▸ **Work item**: In the material below, pictures must be dropped. Repeat exactly, and only, the lines from the line with "Kryetari i AAK-së, Ramush" to the line with "Двустаен апартамент", both ends included.

▸ **Material to process**:
BEGIN

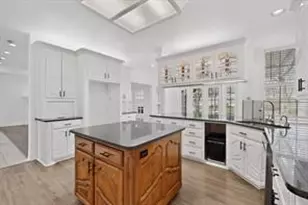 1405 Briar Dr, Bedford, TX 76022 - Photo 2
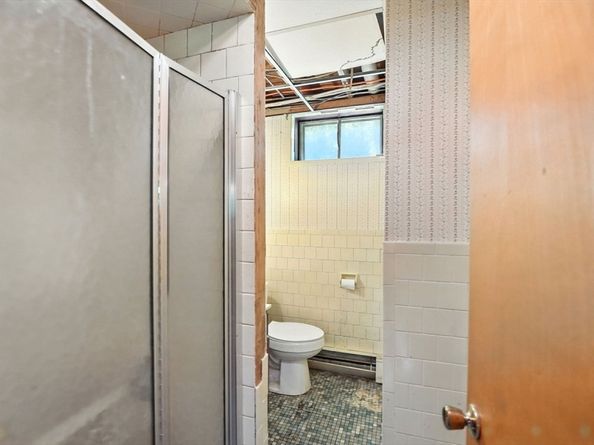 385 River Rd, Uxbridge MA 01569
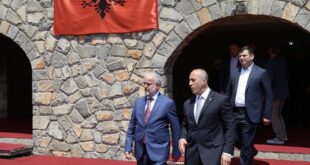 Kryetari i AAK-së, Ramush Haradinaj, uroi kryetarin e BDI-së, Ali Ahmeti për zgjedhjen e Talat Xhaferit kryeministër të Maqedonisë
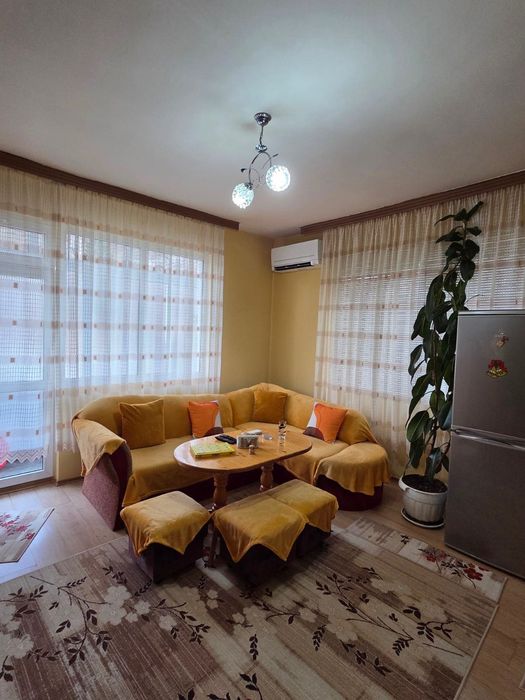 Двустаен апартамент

END
BEGIN

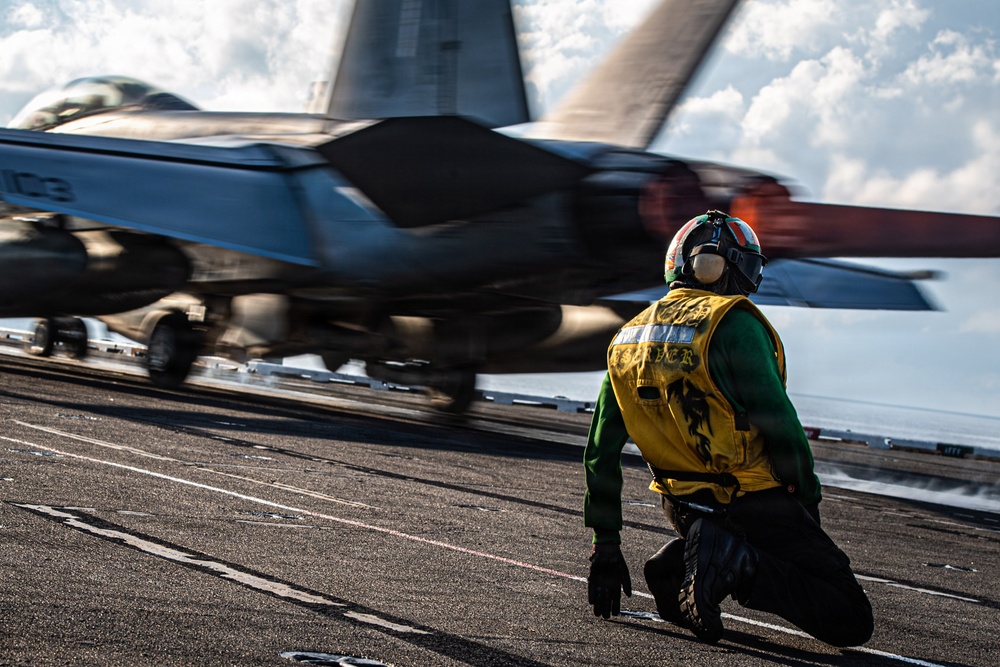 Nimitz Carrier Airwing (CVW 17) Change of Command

END

▸ **Written response**:
 Kryetari i AAK-së, Ramush Haradinaj, uroi kryetarin e BDI-së, Ali Ahmeti për zgjedhjen e Talat Xhaferit kryeministër të Maqedonisë
 Двустаен апартамент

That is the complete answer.